When Gidra stopped publishing and we had a little staff gathering, I think it was at Bruce and Evelyn's house, there was a slideshow that they started showing of, over the years, the different staff members. And inevitably, in the dark, one comes up with me, of my face. I'm looking kind of, almost like that. [Laughs] And then there's silence for a beat or two, and then Alan Ota says, "Now what's Jeff worried about?" [Laughs] And that was mean. Because I kind of took things very seriously, and the movement for me was an effort to change people from the inside out. So for me, personally, like I would read Todd Gitlin's article about the "Maoist man." So here are some of the attributes that the "Maoist man" or woman possesses, and then he would come up with these examples. And, of course, he'd use the Vietnamese people and their struggle against the United States and the imperialist army and stuff like that. And those were our heroes, and then we kind of wanted to demonstrate that same kind of fighting spirit by changing ourselves inside out. So for the newspaper, the newspaper was kind of a physical extension of that desire for us to change people by our example.

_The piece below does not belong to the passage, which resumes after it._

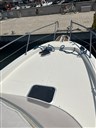 IMG_7998.JPEG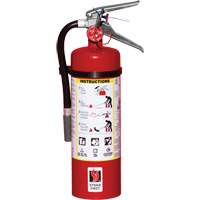 Extincteur d'incendie, ABC, Capacité 5 lb SED109 | Stor-it Systems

So I can't even remember any of the articles I wrote, but I remember Mike Murase. He had these "Murase-isms" and he would just think of them on the fly. Like during a staff meeting I'll be just kicking around on the sofa that was falling apart inside the Gidra office, and we would all circle around. Inevitably Mike would come up with these phrases, but I remember one that was just stuck in me for the longest time. He said that the purpose of the paper in what we do and in our writing was "in style reflect them," "them" being the readers. So, "in style reflect them," and, "in content, change them." So I thought yeah, that sums it up pretty much for me. And so I remember deliberately, when I would put articles together, trying to write it in a way that didn't turn off people, and that was, it sounded friendly and not "holier than thou," and I wasn't trying to force anything down people's throat or sound condescending or anything like that. Not that other people did, but I think sometimes that was a mistake in some of the leadership, that they would put people down for not being, or having street values, whatever that is. Because they happened to live in the Baldwin Hills like my parents did. Laying it on, something that was beyond people's control, that they couldn't do anything about, and consequently they would be turned off by that because they felt like, damn, I'll never be a part of that. So I thought that was a mistake. Anyway, minor.

BN: Yeah, I will ask you about some specific articles. I think what you just said, it does come through, that your articles do come across that way, like not didactic, and you're often writing about everyday topics. You wrote an article about fixing toilets and kung fu films.

JF: Oh, I remember that one. [Laughs]

BN: I'm going to ask you about that one. In my first reading of Gidra years ago, that was one of the ones that stuck in my head, is like, "Oh, that's interesting."

JF: And then you went straight to the bathroom to fix that leak.